Sieved on a mm sterile metal sieve. The smaller beads, with protoplasts immobilized and grown, passed through the sieve, while the beads with immobilized and immobilized nurse cells remained on the sieve. The culture medium containing the smaller beads that passed through the sieve was then passed through a sterilized metal sieve having an opening of 1.75 mm to remove the medium, and the beads on which colonies from protoplasts were fixed were collected on the sieve. The beads were then loaded onto solid medium [1 mg 2,4-dichlorophenoxyacetic acid, 0.1 mg kinetin and 30 sucrose in 1 L].
gellite (Kelco Division of Merck (Kelco Division of Merck)
division of Merck)) to solidify by adding 0.25% by weight]
The cells were transferred to a petri dish containing cultivated and cultured statically at 30 ° C. in the dark.
After 2 weeks of culturing, a large number of callus derived from protoplasts, which had grown by breaking the beads, was obtained.

[0034]

INDUSTRIAL APPLICABILITY According to the present invention, it is possible to provide a method by which clonal cells can be easily produced from protoplasts without concern about the adverse effects of activated carbon.
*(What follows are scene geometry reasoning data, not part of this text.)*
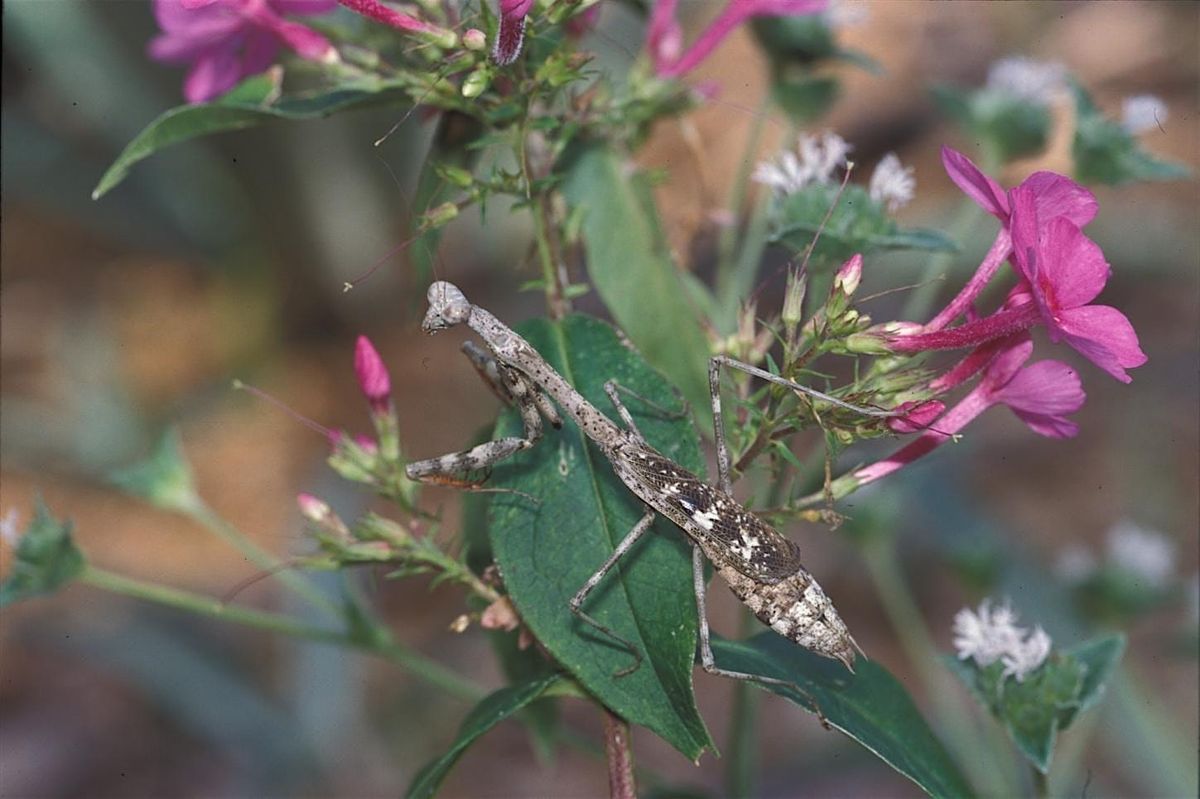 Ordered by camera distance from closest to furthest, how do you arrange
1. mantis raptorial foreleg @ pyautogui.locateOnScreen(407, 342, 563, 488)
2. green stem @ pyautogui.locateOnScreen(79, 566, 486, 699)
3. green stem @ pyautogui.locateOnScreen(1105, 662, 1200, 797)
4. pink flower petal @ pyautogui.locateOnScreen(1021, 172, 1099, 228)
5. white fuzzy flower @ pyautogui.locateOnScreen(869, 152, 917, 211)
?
pink flower petal @ pyautogui.locateOnScreen(1021, 172, 1099, 228), mantis raptorial foreleg @ pyautogui.locateOnScreen(407, 342, 563, 488), white fuzzy flower @ pyautogui.locateOnScreen(869, 152, 917, 211), green stem @ pyautogui.locateOnScreen(79, 566, 486, 699), green stem @ pyautogui.locateOnScreen(1105, 662, 1200, 797)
[Brief description of drawings]

FIG. 1 is a graph showing the relationship between the concentration of an aqueous solution of sodium alginate, the diameter of a dropping nozzle, and the diameter of calcium alginate beads formed.

[Explanation of symbols]

 1: Concentration of sodium alginate aqueous solution is 3% by weight 2: Concentration of sodium alginate aqueous solution is 1.5% by weight

 ─────────────────────────────────────────────────── ─── Continuation of the front page (72) Inventor Ken Sawazaki 48, Wadai, Tsukuba, Ibaraki Hitachi Chemical Co., Ltd. Tsukuba Development Laboratory

Claims (1)

[Claims] 1. A plant protoplast is entrapped and immobilized on calcium alginate beads having a uniform size (particle size) so that the number of protoplasts capable of dividing and proliferating is 1 or less per 1 bead. , On the other hand, the nurse cells are entrapped and immobilized in calcium alginate beads, which are larger than the above beads, so that they can be separated, and both are mixed and cultured.
After that, using the difference in the size of the beads to separate the two,
A method for producing a large number of clonal cells from protoplasts, which comprises culturing smaller beads.